Ogni volta che si discute di riproporre una qualsiasi opera multimediale a una nuova generazione, non è mai facile trovare il giusto approccio che possa cercare di accontentare sia gli affezionati che il possibile nuovo pubblico. In particolare, nel mercato videoludico varie aziende decidono di puntare alle opportunità offerte dalle remastered, che possono permettersi delle aggiunte “quality of life” in modo da arginare determinate problemi e facilitare l’approccio a un prodotto del passato, o i diversi remake che ricostruiscano l’opera originale sotto una nuova luce grazie alle tecnologiche del momento. Una categoria che, curiosamente, può sembrare la più pigra ma allo steso tempo la più coraggiosa è quella del semplice porting, in cui si prende il codice sorgente originale e lo si riporta in un nuova piattaforma senza cambiamenti grafici o nuove meccaniche ludiche di sorta. Proprio di quest’ultima categoria descritta fa parte il gioco di cui ci parleremo nella recensione di oggi, ovvero quell’El Shaddai: Ascension of the Metatron che seppe far discutere gli appassionati ben dieci anni fa.
Il coraggio di un autore
Prima di parlare dettagliatamente di questa opera videoludica, bisogna fare un quadro storico generale del progetto e del suo director Sawaki Takeyasu. Siamo a metà degli anni 2000 e questo artista ha già dimostrato il suo stile e talento attraverso il ruolo di character designer nel primo Devil May Cry, Steel Battalion e perfino con il celebre Okami. Dopo la decisione di lasciare Capcom e prendere un ruolo importante nell’appena nata Ignition Tokyo, un studio di sviluppo fondato nel 2007, ha lavorato per anni all’opera che stiamo analizzando quest’oggi. Insomma, già con questa breve e superficiale analisi del contesto è possibile capire come El Shaddai: Ascension of the Metatron si dimostri un prodotto creato con ispirazione e passione, un progetto non ad alto budget ma che dopo ben quattro anni di lavoro si è concretizzato in un’opera che cerca di esprimere la visione artistica di Takeyasu non solo attraverso i personaggi e il mondo di gioco, ma anche tramite il suo stesso gameplay. Probabilmente è per questo che i ragazzi di Crim company ltd, autori e publisher di questo porting per Steam, hanno deciso di lasciare intatta la visione originale dell’autore. Questa scelta ha in parte limitato l’interesse dietro questa operazione, ma permette finalmente a una nuova utenza di vivere un’esperienza artistica unica nel suo genere.

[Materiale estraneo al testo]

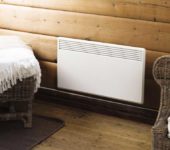 Vous pouvez choisir n'importe quel endroit pour l'installation du convecteur électrique. Il est seulement souhaitable qu'il ne soit pas recouvert de meubles.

In questa recensione, abbiamo nuovamente visto come il setting narrativo di El Shaddai: Ascension of the Metatron è fortemente ispirato a un testo apocrifo della religione cristiana, ovvero il libro di Enoch. Il protagonista si chiama proprio come l’antenato di Noè, ovvero Enoch, ed è uno scriba immortale a cui Dio affida un pericoloso compito, riportare nel regno dei cieli sette angeli caduti. Il tutto non è stato ovviamente fatto per pura casualità, visto che la riuscita della missione serve per impedire che una pericolosa alluvione distrugga l’intera umanità. La sceneggiatura proposta cerca quindi di esplorare importanti temi come la religione, il dono del libero arbitrio, la giustizia, la devozione e molto altro ancora, il tutto in un viaggio che si riesce a completare in circa quattro o sei ore di gioco. Esattamente come dieci anni fa, purtroppo questo elemento si dimostra fin troppo poco chiaro e superficiale, lasciando in diversi momenti il giocatore senza una reale visione dell’insieme; il che è un peccato, perché quello che vorrebbe effettivamente mettere in mostra sono tematiche forti che potrebbero raggiungere il cuore di moltissimi utenti ma, purtroppo, giunti ai titoli di coda ci si rende conto di come la produzione non sia riuscita a esprimere completamente il suo potenziale. La stessa cosa non possiamo invece dirla per i personaggi, che seppur caratterizzati in maniera estremamente semplice riescono a rimanere ben impressi nella mente del giocatore attraverso sia il character designer che le proprie fasi ad effetto. Enoch si dimostra poi un protagonista che non parla ma pieno di emozioni, così come il suo compagno Lucifer che rimane misterioso e interessante dall’inizio alla fine.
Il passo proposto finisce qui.